Animal feed science and technology 2012 v.174 no.1-2 pp. 79
animal glands, cell proliferation, diet, endometrium, estrogenic properties, feed contamination, feed conversion, feed intake, gene expression, gilts, growth performance, liveweight gain, messenger RNA, mitogen-activated protein kinase, protein synthesis, proteins, skeletal muscle, urine, zearalenone
Zearalenone is a potent mycotoxin that has estrogenic properties. In vitro results indicate that zearalenone metabolites down-regulate proteins associated with protein synthesis (protein kinase B, Akt) and cellular proliferation (extracellular signal-regulated kinase, ERK). The objectives of this study were to determine the effect of zearalenone on (1) growth performance and signaling for protein synthesis, and (2) reproductive tract development. At 28 d of age, gilts were randomly assigned to consume a commercial basal diet (C) or C+1.5mg/kg zearalenone (n=10) for 4 wk, at which time gilts were euthanized, urine collected, and tissue collected. No differences were observed in average daily gain, average daily feed intake, or gain:feed (P>0.28). Reproductive tract weight (2.4-fold) and uterine endometrial gland development (50%) were increased in zearalenone fed gilts (P<0.01).
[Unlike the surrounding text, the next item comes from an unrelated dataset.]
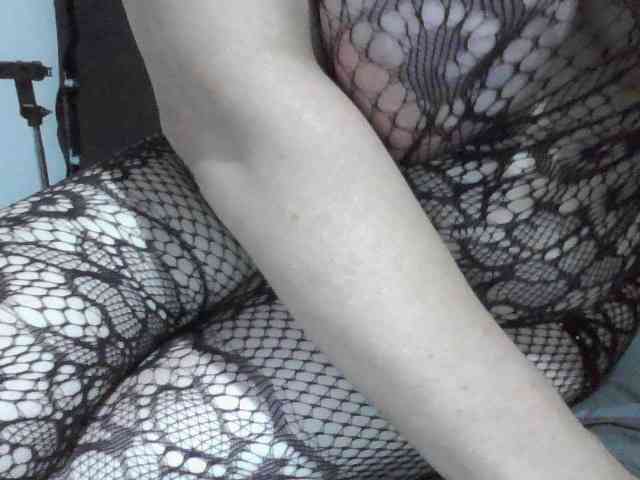 Parejaerotica webcam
In uterus, estrogen receptor (ER)-α expression was unchanged (P>0.28), but gilts consuming zearalenone had 2.0- and 3.5-fold higher abundance of ER-β mRNA and protein, respectively (P<0.01). No differences were observed in Akt, mammalian target of rapamycin, or ERK abundance or phosphorylation in muscle (P>0.36). Zearalenone had no effect on growth performance or skeletal muscle signaling in prepubertal gilts, but zearalenone increased reproductive tract size and glandular development, possibly due, in part, to altering the expression of ER-β.